Robust statistics traditionally focuses on outliers, or perturbations in total variation distance. However, a dataset could be corrupted in many other ways, such as systematic measurement errors and missing covariates. We generalize the robust statistics approach to consider perturbations under any Wasserstein distance, and show that robust estimation is possible whenever a distribution's population statistics are robust under a certain family of friendly perturbations. This generalizes a property called resilience previously employed in the special case of mean estimation with outliers. We justify the generalized resilience property by showing that it holds under moment or hypercontractive conditions. Even in the total variation case, these subsume conditions in the literature for mean estimation, regression, and covariance estimation; the resulting analysis simplifies and sometimes improves these known results in both population limit and finite-sample rate. Our robust estimators are based on minimum distance (MD) functionals (Donoho and Liu, 1988), which project onto a set of distributions under a discrepancy related to the perturbation. We present two approaches for designing MD estimators with good finite- sample rates: weakening the discrepancy and expanding the set of distributions. We also present connections to Gao et al. (2019)'s recent analysis of generative adversarial networks for robust estimation.

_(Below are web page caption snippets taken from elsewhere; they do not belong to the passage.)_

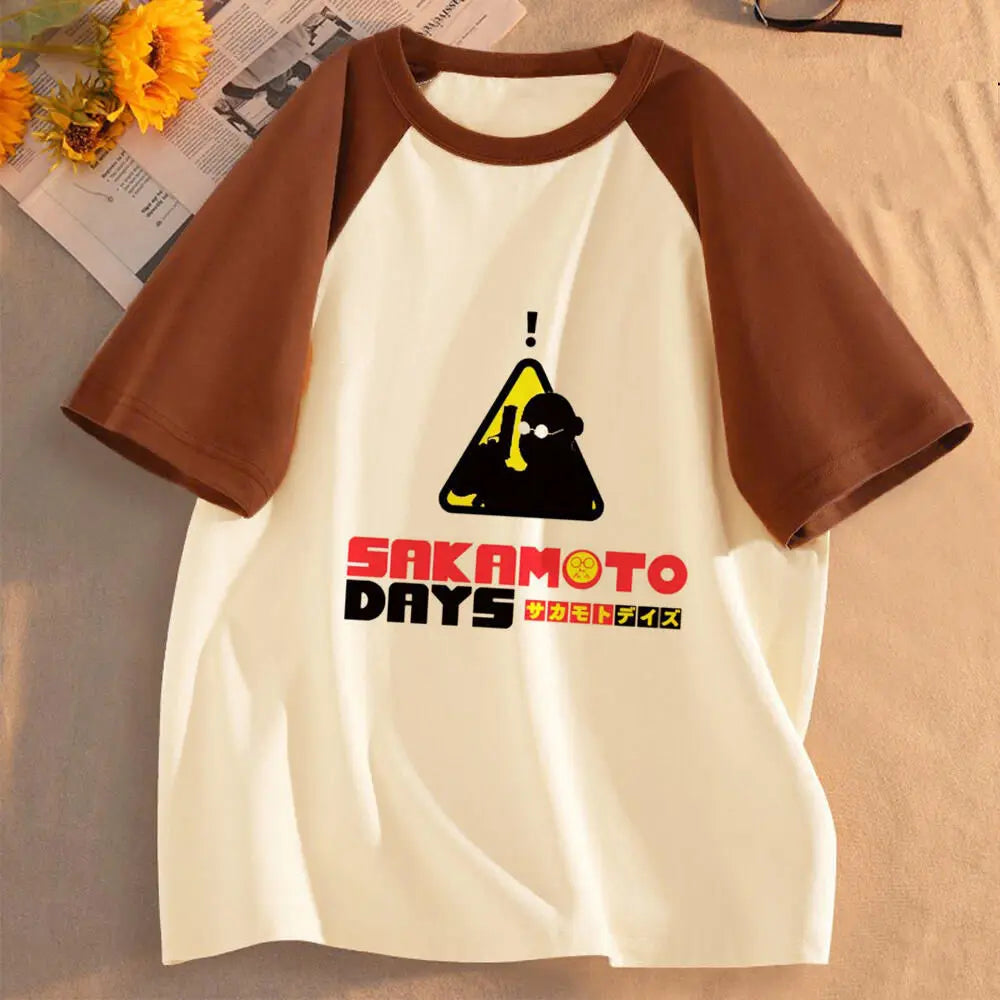 Sakamoto Days t-shirt girl University Pastel 80s Gothic Punk Trendy t-shirt Grunge Colorful anime Graphic Digital Trendy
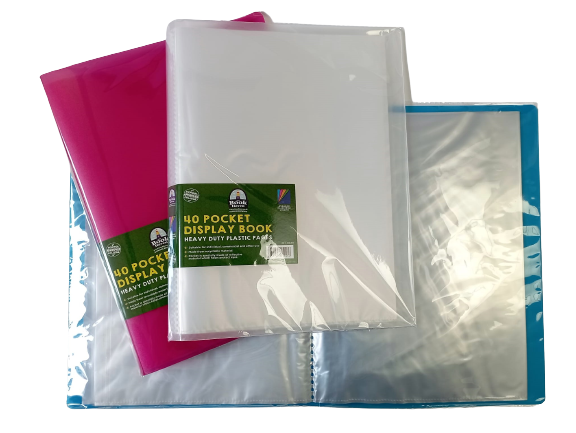 [5391539550438] (Available Late April) Display Book A4 40 Pocket BH-0438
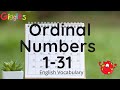 Ordinal Numbers in English 1-31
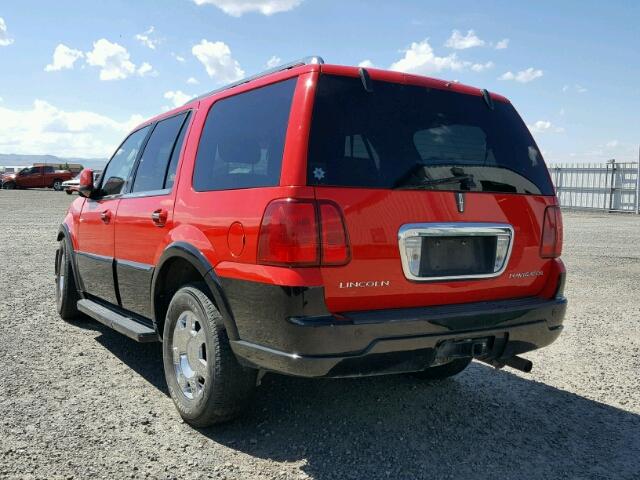5LMFU28535LJ02630 - 2005 LINCOLN NAVIGATOR წითელი ფოტო 3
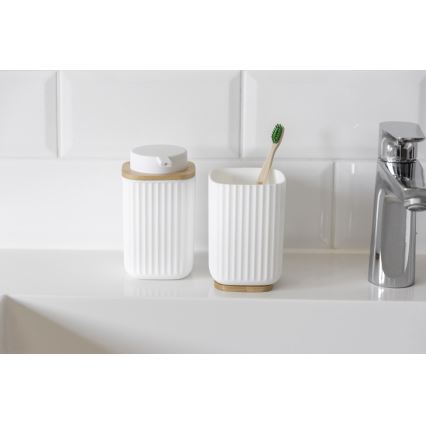 WENKO 25293100 - Gobelet ROTELLO 8,5x11 cm blanc/marron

Joint work with Banghua Zhu and Jacob Steinhardt
Jiantao Jiao is an Assistant Professor in the Department of Electrical Engineering and Computer Sciences and Department of Statistics at University of California, Berkeley. He received his B.Eng. degree in Electronic Engineering from Tsinghua University, Beijing, China in 2012, and his M.Sc. and Ph.D. degrees in Electrical Engineering from Stanford University in 2014 and 2018, respectively. He is a recipient of the Presidential Award of Tsinghua University and the Stanford Graduate Fellowship. He was a semi-plenary speaker at ISIT 2015 and a co-recipient of the ISITA 2016 Student Paper Award and MobiHoc 2019 best paper award. His research interests are in statistical machine learning, high-dimensional and nonparametric statistics, mathematical programming, applied probability, information theory, and their applications.